One of the officers follows the twin trails of blood, past fresh blood splatters, towards the swimming pool. The water is filthy, with a red tinge to it.
Just visible through the murk are black cylindrical forms at the bottom of the pool. The smell from the stagnant, bloody water causes the policeman to gag and lose his supper.
The police drain the water from the pool and start to drag the black, weighted tarpaulins out, storing them on the poolside before they are unwrapped.
There is a corpse inside each one, most of them horrifically mutilated. They all look as though they have died very recently.
By this time, the fire brigade has reached the scene. They are too late; the house is beyond salvation.
‘Best thing for it,’ states one officer, who is in the midst of discovering his second Peth Vale crime scene.
Two firemen venture into the burning building and drag out one more body. This is the worst of all. Although badly burnt, the body is still recognisable as being female. The head has been severed and the skin removed. Arguably, it is
this body that has the most significance to this tale.
It will take the police all night to catalogue the crime scene, then transport and identify the bodies.
By the time this is done, they will already have apprehended their main suspect, allegedly a death-masked, merciless killer seeking bloody revenge on all who have wronged him.
But there is more to this tale than first meets the eye.
And that is the end of the story, years after this all began.
Instead of observing the police’s brutal interrogation of their suspect, let’s hear the events which led to this bloodbath.
Let’s hear about the real killer and his becoming…
Part One – Hunted
Becoming: To come, change or grow to be
Chapter 1
The dying October sun was shedding the last of its blood onto the dark clouds above Marshton town as Rhonda Williams pulled her car onto the driveway of her detached home.
Cursing, she realised that the bin men had recklessly left the bin across the bottom of the drive, in such a way that she’d have to get out and move it before she could park up. Raindrops spattered the windscreen as she opened the door.

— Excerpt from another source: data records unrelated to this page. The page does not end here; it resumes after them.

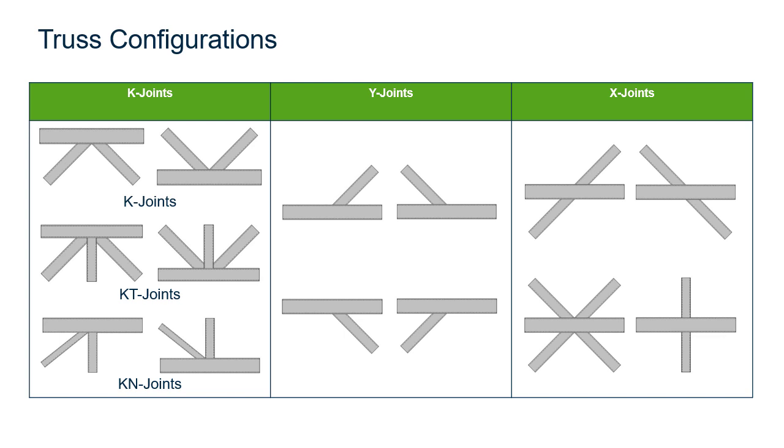Welcome to the Bentley Systems training course where you will learn how to design truss or tubular connections within RAM connections standalone. RAM connections standalone can design a truss connection for a K-style joint, a Y-style joint, or an X-style joint using the configurations you see on your screen.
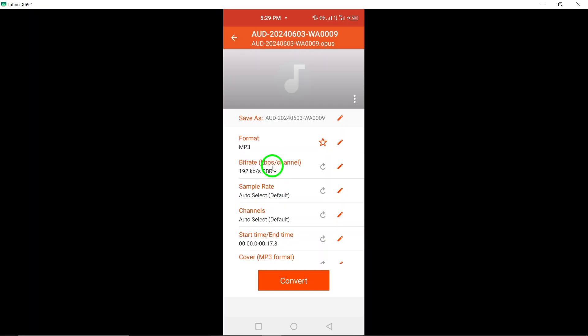Upon completion of the conversion process, download the newly converted MP3 file to your device. This final step ensures that you have the MP3 version of your Telegram voice message readily available for playback or sharing.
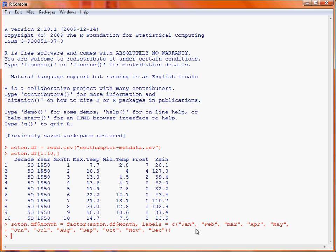In the base graphics package, there is a function called boxplot, and this is obviously used to create a box and whisker plot. This particular function makes use of a formula to be able to specify which variables we are plotting. So we want the column max.temp as our y variable, and we want to plot that in the box and whisker plot against the month. We then need to specify where the data is stored, which is a particular data frame. And then we can also add some information about the various axes and an overall title.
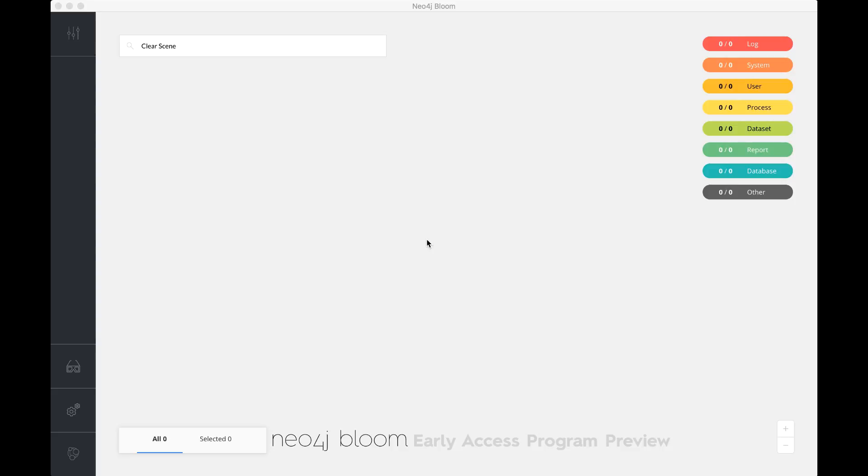Hello everyone, my name is Rick Van Bruggen from Neo4j, and here I am again recording another demonstration of the new Fancy Bloom, Neo4j Bloom visualization and discovery toolset. And today I won't be demonstrating this fancy new toolset using a beer database, but I'll actually be using a more sophisticated and interesting dataset, at least for business users, and that's a fraud detection dataset.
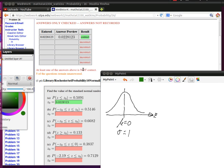This is problem 26 in the web work probability homework. What we're looking for are some z values. We're looking for a z0 in this first one so that the probability of all the z's that are less than z0 is 0.5091.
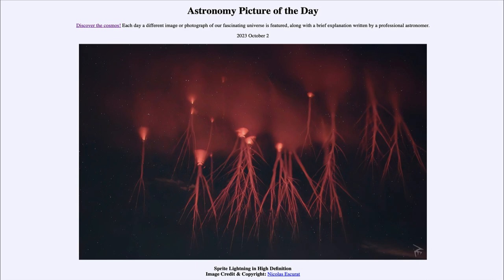Today's picture is for October 2nd of 2023, and it is titled 'Sprite Lightning in High Definition.' So what do we see here? Well, here is an image of what is known as Red Sprite Lightning.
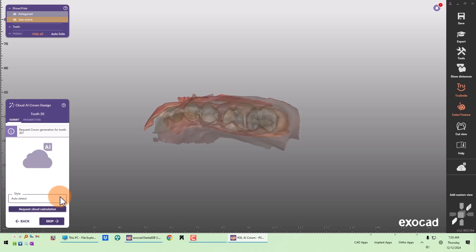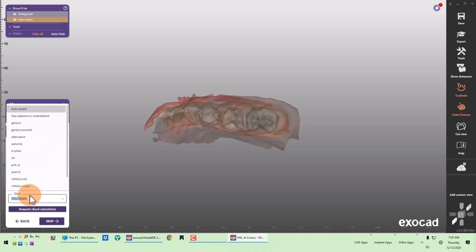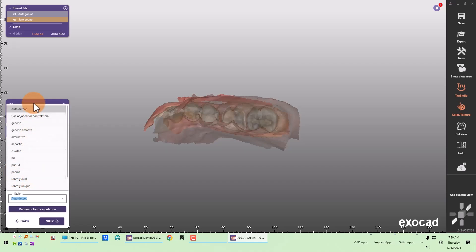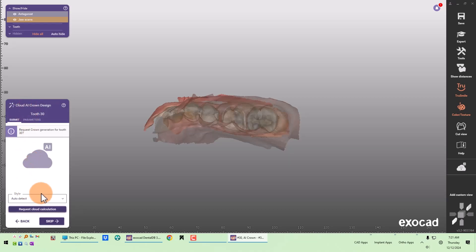You can use the ExoCAD version of a biogeneric generation, which is the auto detect style, or you can choose one of your tooth libraries or one of the ZRS libraries. I just have it defaulted to auto detect.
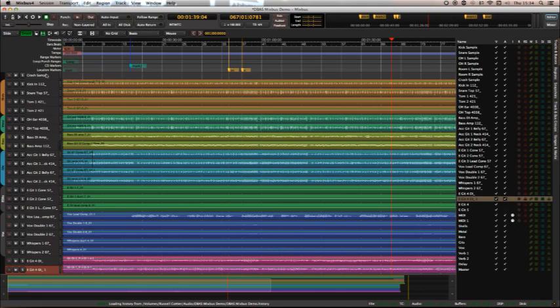I will also mention that you can now move... I haven't done this properly, so I don't want to show it to you today, but you can move the markers for each bar in the timeline if you were, say, trying to make a tempo map for a live recording, a live performance that wasn't done to a click.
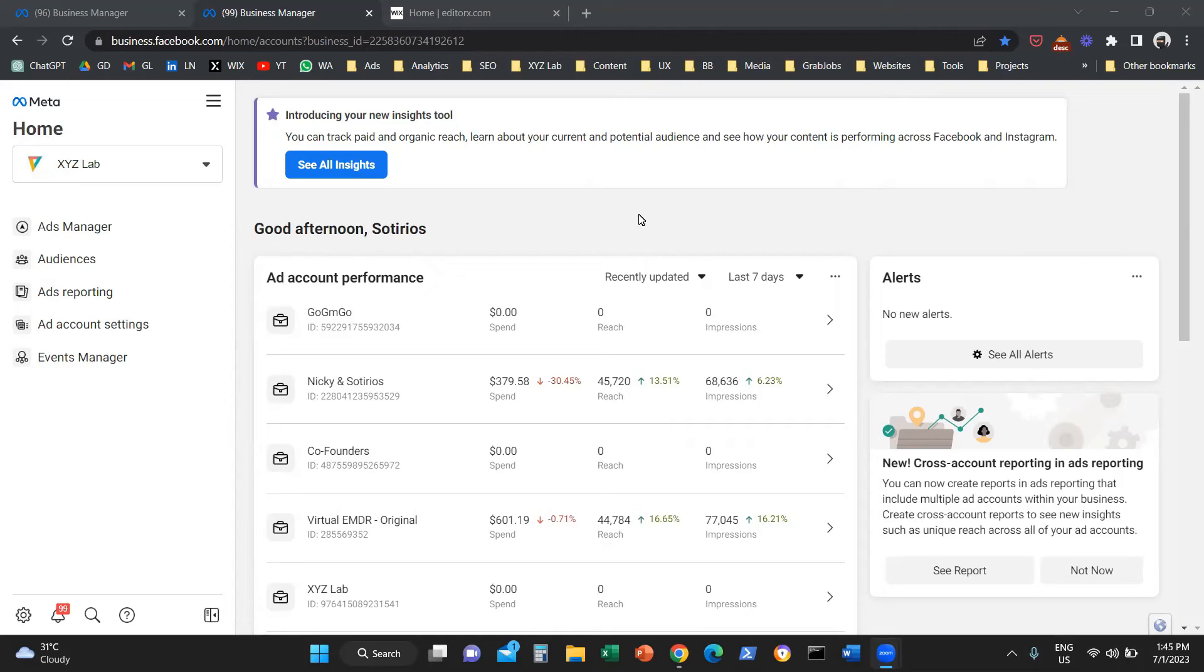Hello, everyone. Today, we are going to learn how to verify our domain on Meta Ads.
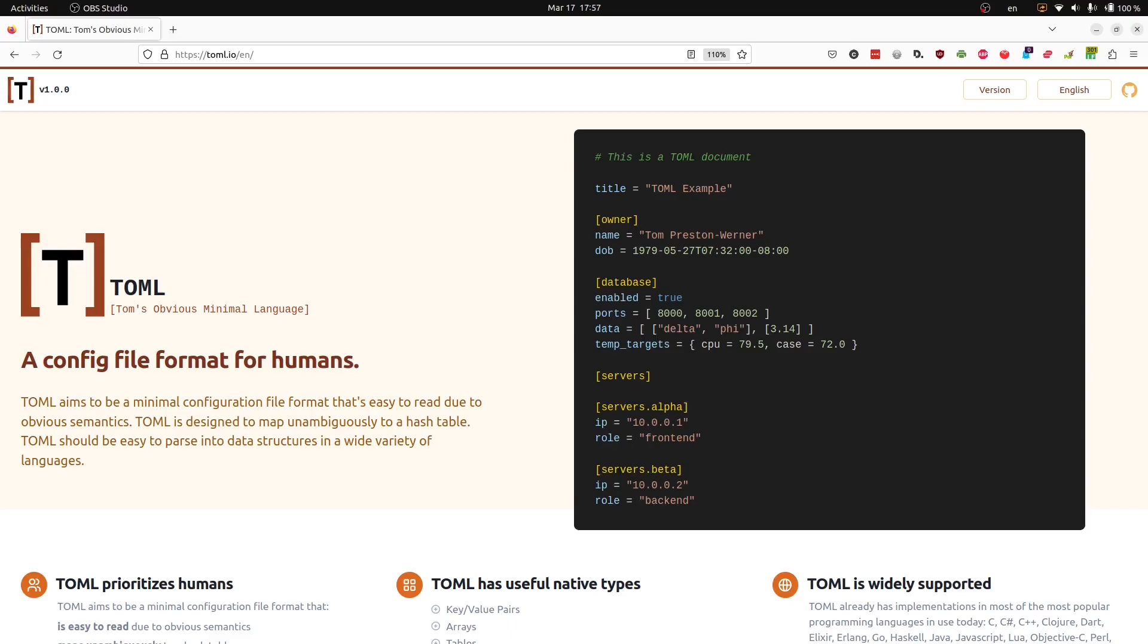TOML is short for Tom's Obvious Minimal Language. It's a language that tries to map all of its syntax to a hash map. This point will become clear when we look at the TOML to JSON examples in the spec.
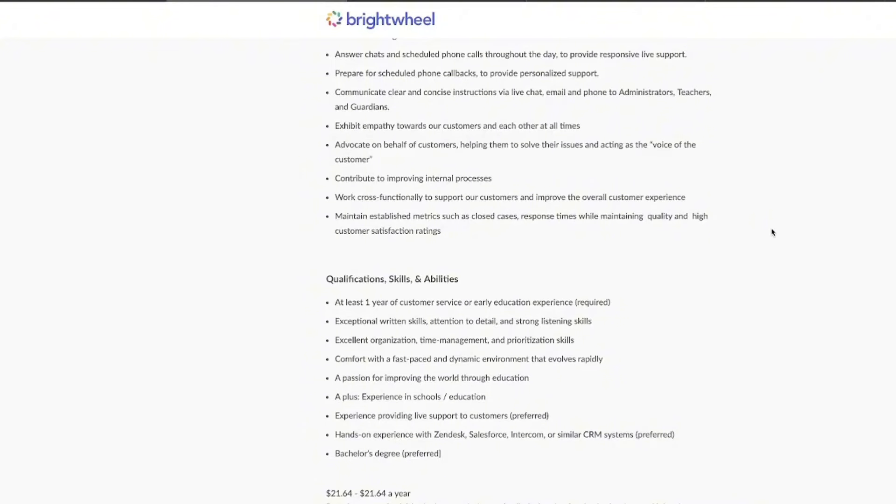Now, if you have experience working in schools or educational settings, this is a huge bonus. So make sure that you do list that on your resume.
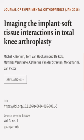This article was authored by Michel P. Bonnen, Tom Van Hoof, Arnaud de Koch, and others.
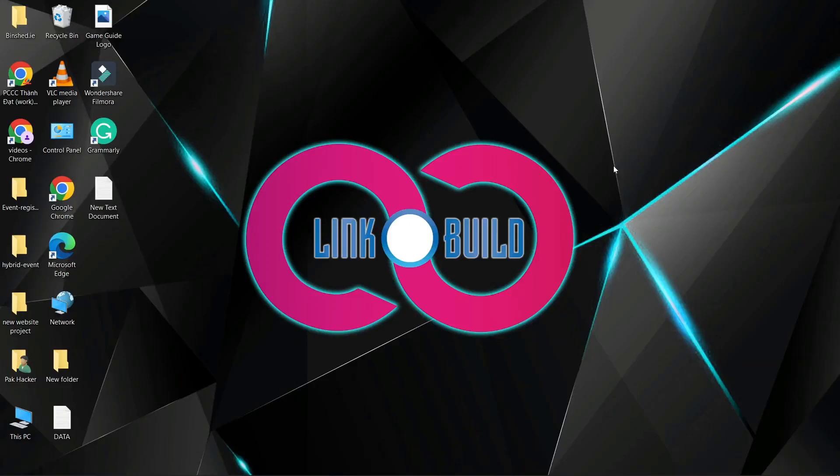Hello friends. Welcome to our YouTube channel LinkoBuild. Today I'm going to teach you how to create a profile backlink on MicrosoftPartnerCommunity.com.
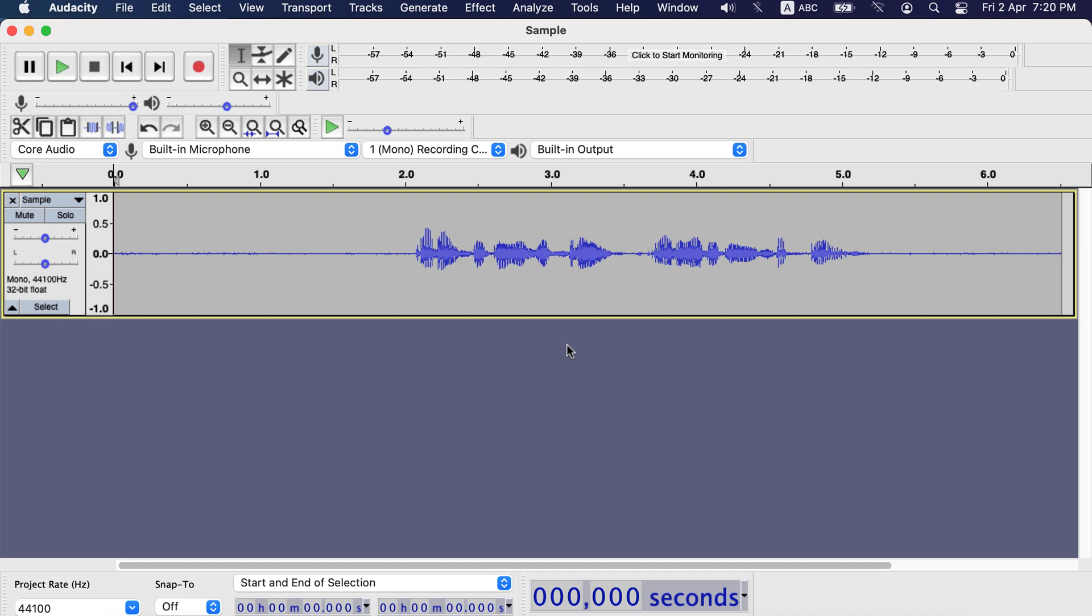In this video I am going to show you some advanced use of Audacity. If you already know how to record or apply basic effects like noise reduction, then this video is for you.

‘Just great,’ she hissed, putting one of her work files over her head to shield it from the concussive force of the falling rain while she hauled the bin back to its usual position by the back door.
As she dusted the stale dirt from her hands, she noticed that the kitchen light was on. ‘Lazy little bastards,’ she hissed, realising that her son, Mark, and her sixteen year old daughter, Hannah, were home and hadn’t been arsed to put the bin back. ‘How many goddamned times do I have to tell them?’ she muttered as she got back into the car.
She parked the car in front of the garage and got out, again sheltering under the file as she used the light from the boot to search for the correct key.
With it in hand, she pulled the bag of shopping from the boot and moved to the door.
She inserted the key and turned it, feeling a strange sense of something being wrong.